Authentication Concepts

Authentication is a process for verifying the identity of an object or person. When you authenticate an object, the goal is to verify that the object is genuine. When you authenticate a person, the goal is to verify that you are not dealing with an imposter.

Similarly, in a networking context, authentication is the act of proving identity to a network application or resource. Typically, identity is proven by a cryptographic operation that uses either a key only the user knows — as with public key cryptography — or a shared key. The server side of the authentication exchange compares the signed data with a known cryptographic key to validate the authentication attempt.

Storing the cryptographic keys in a secure central location makes the authentication process scalable and maintainable. Active Directory directory service is the recommended and default technology for storing identity information (including the cryptographic keys that are the user’s’ credentials). Active Directory is required for default NTLM and Kerberos implementations.

Authentication techniques range from a simple logon, which identifies users based on something that only the user knows — like a password, to more powerful security mechanisms that use something that the user has — like tokens, public key certificates, and biometrics. In a business environment, users might access multiple applications on many types of servers within a single location or across multiple locations. For these reasons, authentication must support environments for other platforms, for Windows Server 2003, and for other Windows operating systems.

Authentication and Authorization: A Travel Analogy

A travel analogy can help explain how authentication works. For example, when you cross an international border, a border guard asks for credentials and you present a passport. The process is two-fold:

  • The guard authenticates the passport by verifying that it was issued by a security authority that the local government trusts — trusts, at least, to issue passports — and by verifying that the passport has not been modified.

  • The guard authenticates you by verifying that your face matches the face of the person pictured on the passport.

If the passport proves to be valid and you prove to be its owner, you are who you say you are.

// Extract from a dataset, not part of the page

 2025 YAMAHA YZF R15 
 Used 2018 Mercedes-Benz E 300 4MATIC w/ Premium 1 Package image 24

Transitive trust between security authorities is the foundation of authentication; the type of authentication that takes place at an international border is based on trust. The local government does not know you, but it trusts that your government does. When your government issued your passport, it did not know you either. It trusted the agency that issued your birth certificate. The agency that issued your birth certificate, in turn, trusted the physician who signed the certificate. The physician witnessed your birth and stamped the certificate with your footprint, direct proof of your identity. Trust that is transferred in this way, through trusted intermediaries, is transitive.

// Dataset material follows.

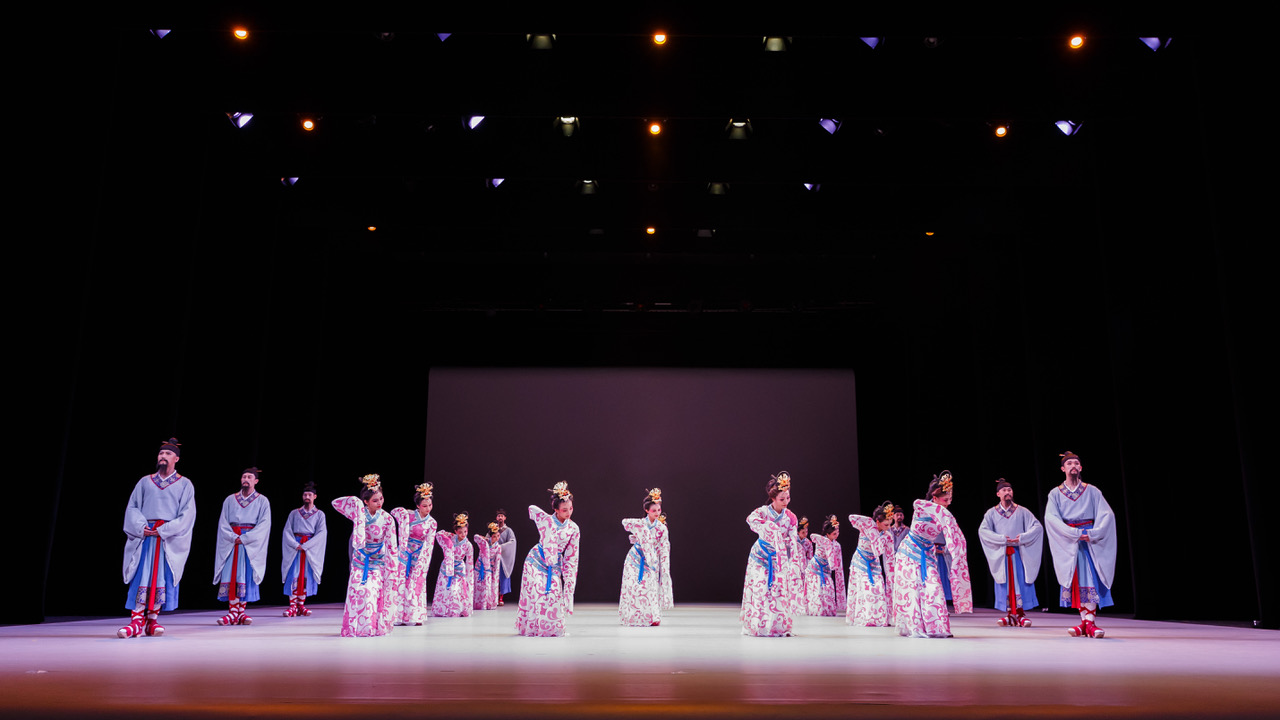 Hong Kong Dance Company. 踏歌行 (Dream of the Past).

Similarly, transitive trust is the foundation for network security in Windows Server 2003. A trust relationship flows throughout a set of domains, such as a domain tree, and forms a relationship between a domain and all domains that trust that domain. For example, if domain A has a transitive trust with domain B, and if domain B trusts domain C, then domain A trusts domain C.

There is a difference between authentication and authorization. With authentication, the system proves that you are who you say you are; however with authorization, the system verifies that you have rights to do what you want to do. To take the border analogy to the next step, merely authenticating that you are the proper owner of a valid passport does not necessarily authorize you to enter a country. Residents of a particular country are allowed to enter another country by simply presenting a passport only in situations where the country being entered grants blanket permission for all citizens of that particular country to enter.

Similarly, you can grant all users from a certain domain permissions to access a resource. Any user who belongs to that domain has access to the resource, just as Canada allows U.S. citizens to enter Canada. However, U.S. citizens attempting to enter Brazil or India would find that they cannot enter those countries merely by presenting a passport because both of those countries require visiting U.S. citizens to have a valid visa. Thus, authentication does not guarantee access (or authorization).

Single Sign-On

Single sign-on (SSO) makes it possible for users to access resources over the network without having to repeatedly supply their credentials. Forcing users to enter multiple passwords — or to enter a single password multiple times — to access system resources is inefficient and provides an unpleasant user experience.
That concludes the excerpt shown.